Problem description: Print exactly, and only, the lines from the one that has "Malatya’da bayram mesaisi: Trafik" through the end of the material below, with both ends included and the pictures omitted.

Information supplied:
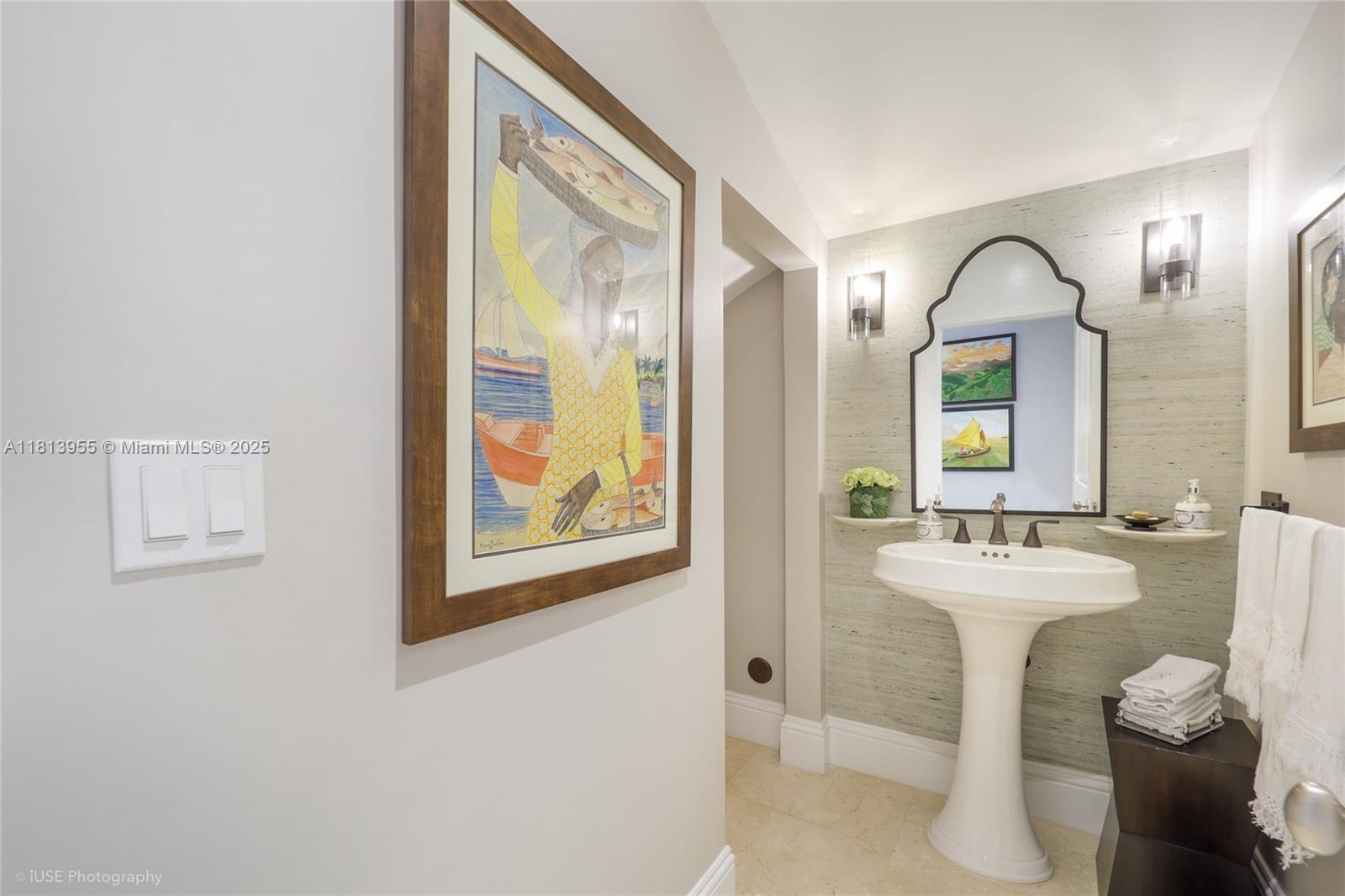 ALMERIA REPLAT - Residential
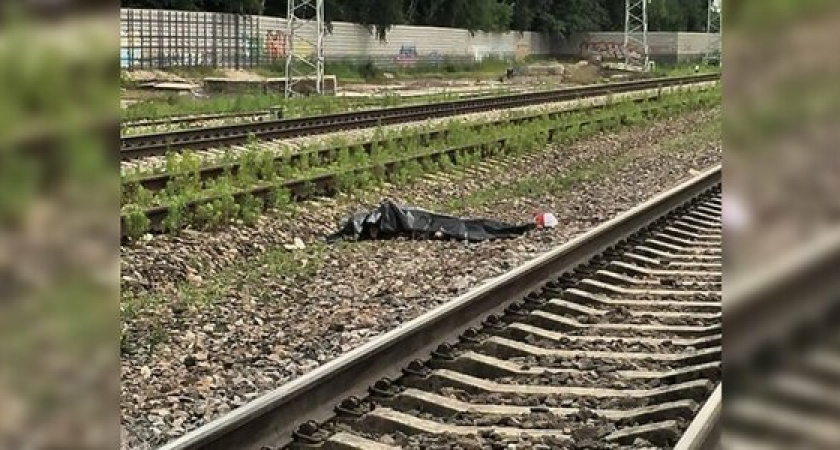 Двое жителей Новороссийска погибли под колесами электровоза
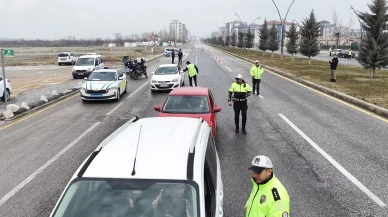 Malatya’da bayram mesaisi: Trafik ekipleri "Yolun sonu bayram olsun" diye sahada!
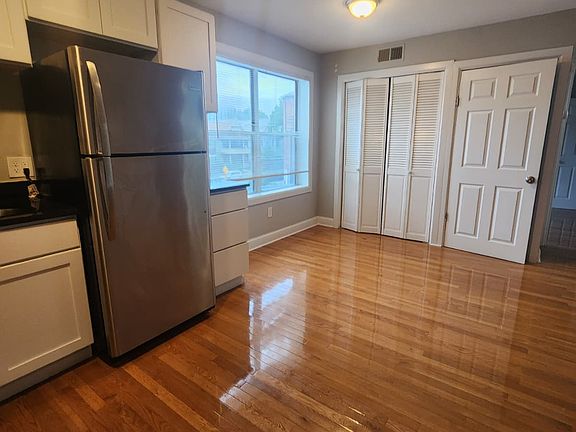 3rd image of 240 Sheffield Ave #10B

Expected answer:
 Malatya’da bayram mesaisi: Trafik ekipleri "Yolun sonu bayram olsun" diye sahada!
 3rd image of 240 Sheffield Ave #10B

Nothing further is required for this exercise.